Spring 2011 - v. 2.0

I had meant to get this posted last evening, but 2 sleeping cats in my lap made it very difficult to type, so I just decided to enjoy the purring cats. In any event, writing about the approaching spring is much more difficult today than it was with the sun and warmth of yesterday afternoon. I woke up this morning to heavy rain, hail, lightning and thunder and high winds. Kind of made me want to crawl back under the covers, except that I had an order to finish up and get to the post office.
A photo essay on spring, anyway. When we came home from church yesterday, these cheery yellow and brown crocuses were blooming. They weren't there when we left - such a nice surprise. You can also see the honey bee. They were all over anything that was blooming, especially the witchhazels.
These little blue crocuses were blooming in another sunny spot. These early ones aren't especially bothered by the cold weather and will be blooming for a couple of weeks.
This is Hamamelis (witchhazel) 'Rochester'. Always makes me think of the old Jack Benny Show when I hear that name. Not sure if it was named after that or the city. Lovely and delightfully scented nonetheless.

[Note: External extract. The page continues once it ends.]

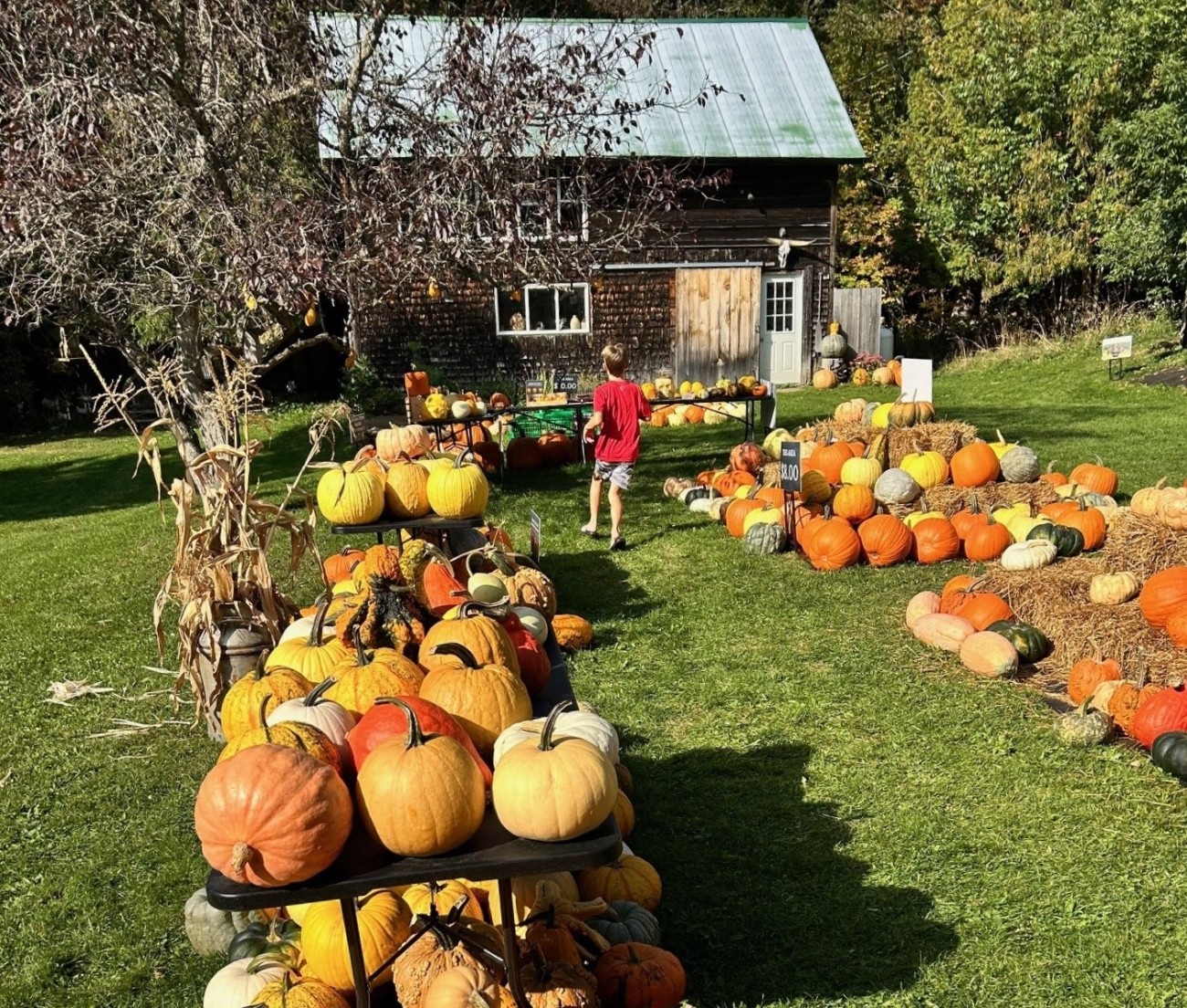 A child runs between displays of pumpkins and gourds.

Cardinals aren't exactly a harbinger of spring, having been here all winter, but this guy was just sitting in the sun singing and I couldn't resist snapping his picture.

The Tibetan Hellebores are now blooming. This last picture I posted had buds, but not open flowers yet. This one isn't evergreen; it goes dormant by mid-summer, but it is the first one to be up and blooming in the spring. It's also quite a bit smaller than the others we grow. I don't think it gets much over 8 inches tall.

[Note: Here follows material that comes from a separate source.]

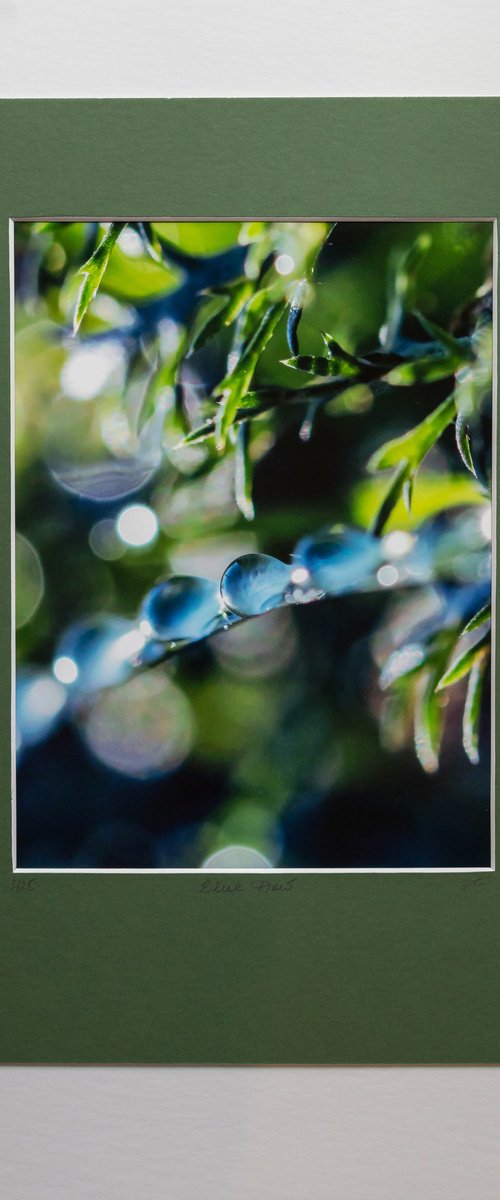 Blue Dew - matted by Inna Etuvgi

Snowdrops (galanthus) are predictably the first things blooming here. True to their name, they will often start blooming while the snow it still on the ground. If not then, they can be in bloom withing days of the snow melt, even before the ground seems thawed enough for them to poke their noses through. This is the double version, and you could see it better if I'd been willing to crawl in the mud a bit. That will have to wait until the ground dried up a bit.

This variegated pachysandra isn't quite in blooms, but clumps of it all over the yard are now in bud. Can't be long until blossoms.

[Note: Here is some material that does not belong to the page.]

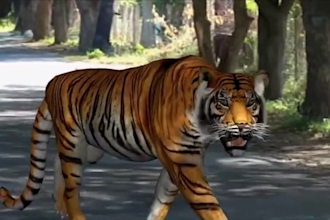 do realistic 3d animal model,  3d fur xgen zbrush model, creatures, maya model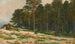 Wald aus Kiefern - Ivan Ivanovich Shishkin — Ansicht des Kunstwerks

And a sure sign of spring would be that the duck weed has reappeared on the ponds, even the ones that still have some ice on them.
And even though it's a bit colder today, I still heard the frogs on the ponds, singing their little hearts out this morning. I didn't have the heart to tell them that they'd better head back to the bottom and sleep for a bit longer. They seemed to be having such a good time.